Many, if not most, applications are built to exchange state information that is not "identifying" information, such as session ids. This is evidenced by the widespread use of HTTP Cookies. In the cases where these applications are also exchanging identifying information, the application development is simpler when the same mechanisms are used for exchanging both types. Examining the Web example, the application developer can easily insert and parse information in the cookie header, rather than rewriting the URI that is sent.
In the Web services example, it is very easy to do dispatch based upon a soap header block, which is an XML QName. The tree-like structure of XML and use of SOAP and SOAP Header blocks means that an application developer can use widely available tooling, such as JAX-RPC handler chains, that makes it easy to use the XML QNames. On the converse, there are no standards available for inserting or parsing a QName(s) into or from a URI.
It is worth explicitly noting that there is a trade-off between the control over the URI versus other parts of the message body, and a trade-off between the ease of updating/parsing URIs and the other parts of the message body.
Security is a primary consideration in all application design.
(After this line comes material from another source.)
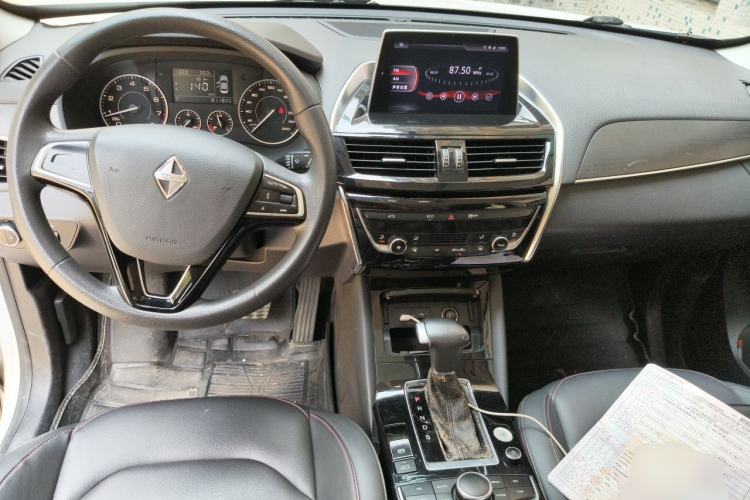 Used BORGWARD BX5 2020 20TGDI Automatic Two-Wheel Drive Pioneer Edition Center Console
In most systems, the "owner" will attempt to keep as much of the information, type data as well as instance data, as hidden as possible. The typically security considerations are ensuring that the right people can access the right data, and that the data cannot be altered. This usually breaks down into authentication, authorization, encryption, and integrity. The decisions around security are usually coupled together and dependent upon the technologies available.
In the Web context, some of the primary technologies available are HTTP Authentication, SSL/TLS, and Cookies.
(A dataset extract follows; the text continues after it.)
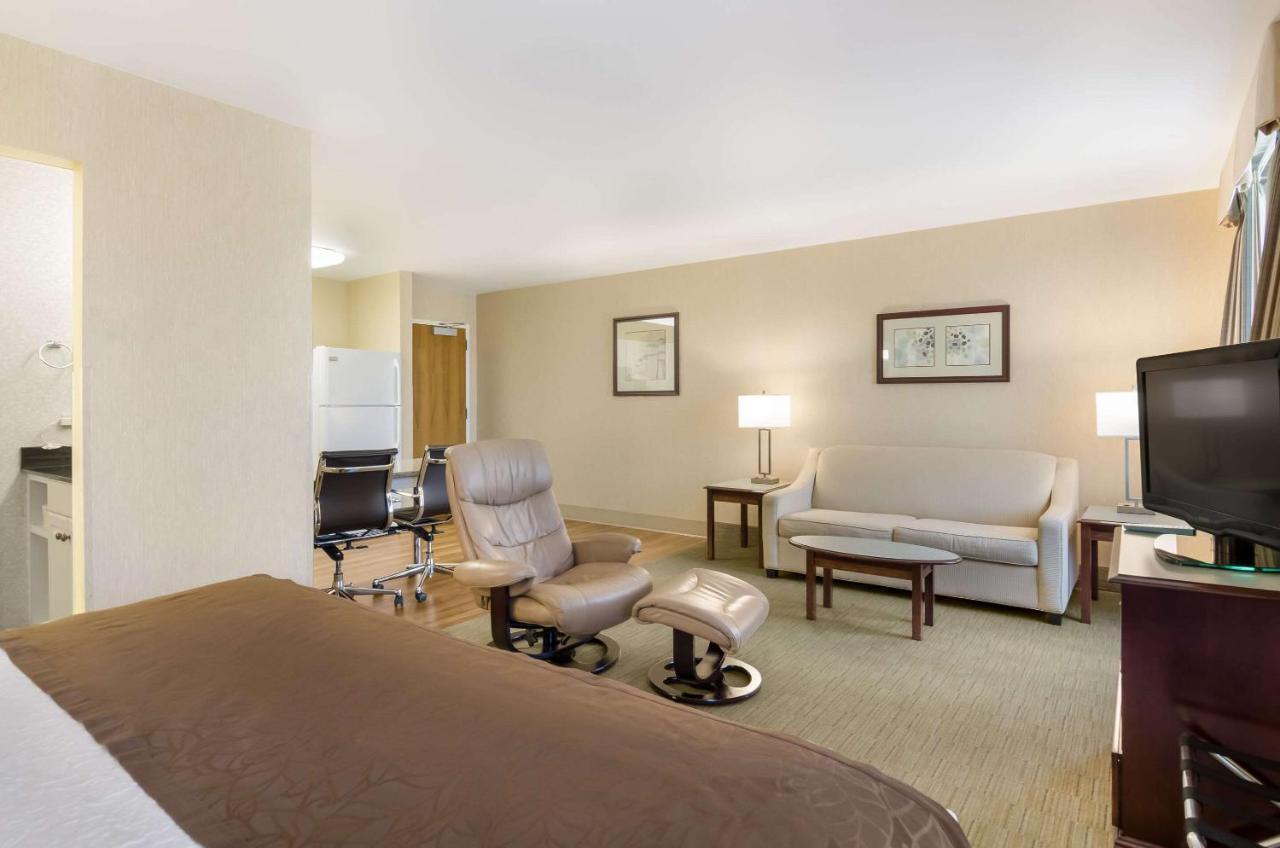 Mainstay Airport Hotel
Cookies and sessions are a good example of the interdependency of the decisions. If a cookie is storing state, aka parameters, then there may be less difficulty in guessing legitimate values for possible state parameters including username/password. Malicious clients could "guess" the state values in an effort to subvert the application's security. A solution is to have the server sign the state information before it gives it back to the client and verify the integrity of that signature before accepting state information from the client. One feature of session IDs is the relative difficulty of guessing a valid session ID. It is much easier to assign a large session ID as an indirect reference to the state information that to sign/validate state within each communication.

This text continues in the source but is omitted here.